Como bien sabemos, los protocolos y convenciones de la ONU
suelen convertirse fácilmente en papel mojado cuando a los
dirigentes de los países no les interesa seguir adelante con tal o
cual compromiso. Ahí están para demostrarlo documentos tan básicos
y supuestamente inviolables como los derechos humanos o los
derechos del niño, que se violan cada día en casi cualquier parte
del planeta.
Por eso extraña poco que un líder político como George Bush se
haya saltado a la torera su promesa electoral de luchar para
proteger el medio ambiente y, a la vez, ha hecho saltar por los
aires el protocolo de Kioto, firmado en 1997, que comprometía a los
países industrializados de la ONU a recortar las emisiones de gases
de efecto invernadero.
El asunto resultaría cómico si no fuera porque en ello nos
jugamos nada menos que el futuro de la humanidad y de la hermosa
Tierra que nos acoge. Y resulta grotesco porque el documento
pretendía que los países desarrollados empezaran a recortar las
emisiones de dióxido de carbono a partir de 2008 y hasta cuatro
años después en un cinco por ciento con respecto a los niveles
registrados en 1990. Es decir, que si hace una década las emisiones
de veneno para la atmósfera eran ya insoportables, la idea era
reducirlas mínimamente diez años después de firmado el protocolo.

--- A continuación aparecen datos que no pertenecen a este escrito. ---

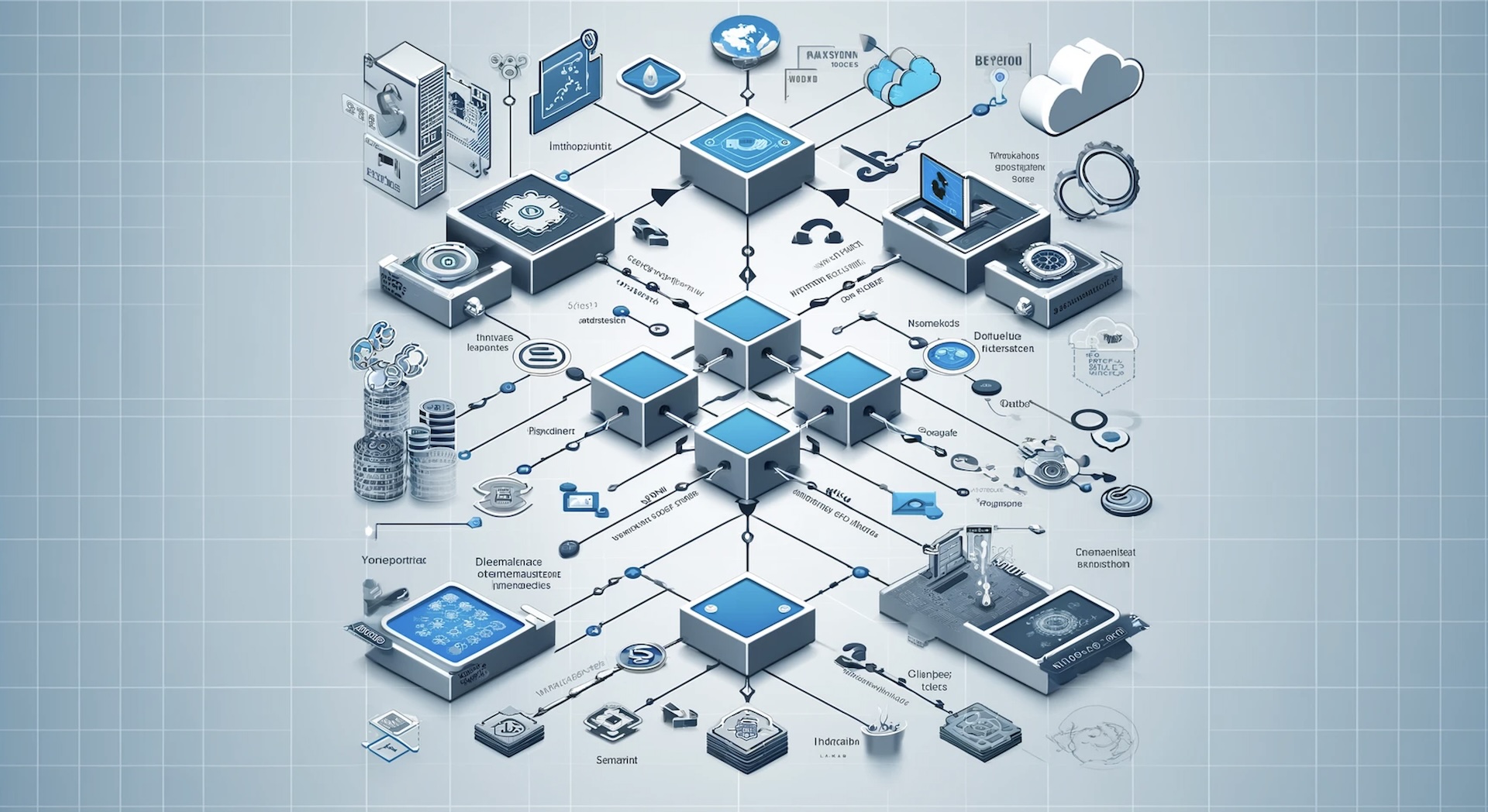 Use Case: Enhancing Blockchain Infrastructure Management with DevOps and SRE Practices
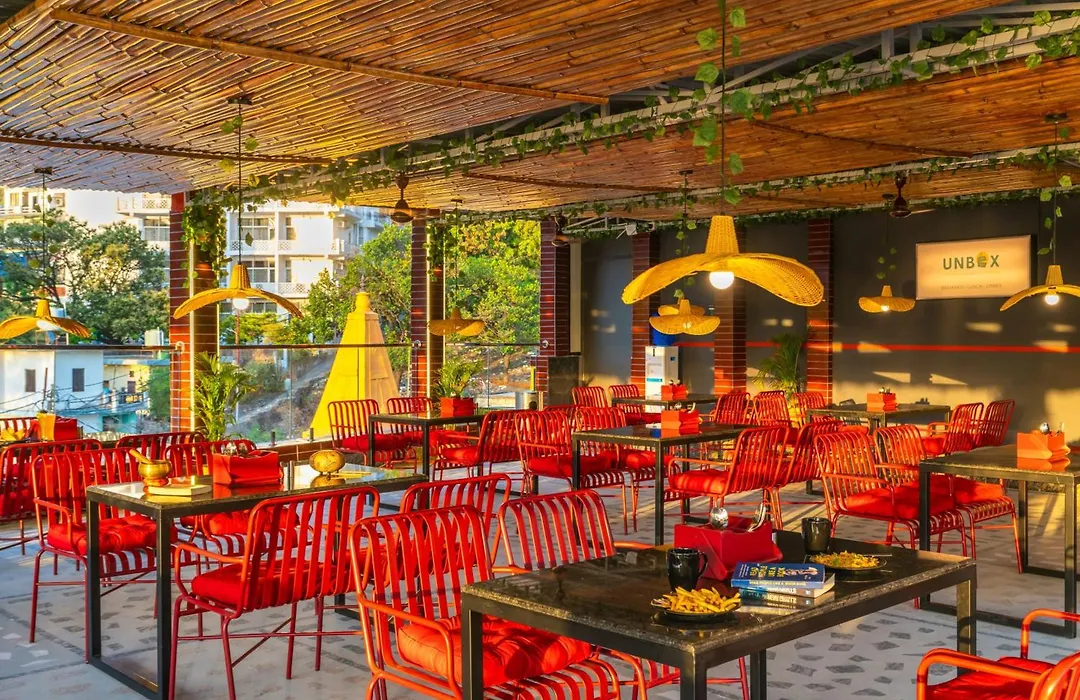 The Hosteller Rishikesh, Ganges-1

En fin, unos plazos tan amplios y blandos que parecía imposible
negarse. Pues ni con esas. Estados Unidos, que él solito emite el
25 por ciento de todos los gases irrespirables que respiramos
todos, se niega a cumplir. Y la excusa que pone Bush es que eso
sería un duro golpe para la economía del país, pues quizá el
control medioambiental de las empresas energéticas podría encarecer
el producto. O sea, que nos pudrimos todos para que los
norteamericanos sigan teniendo la luz a buen precio.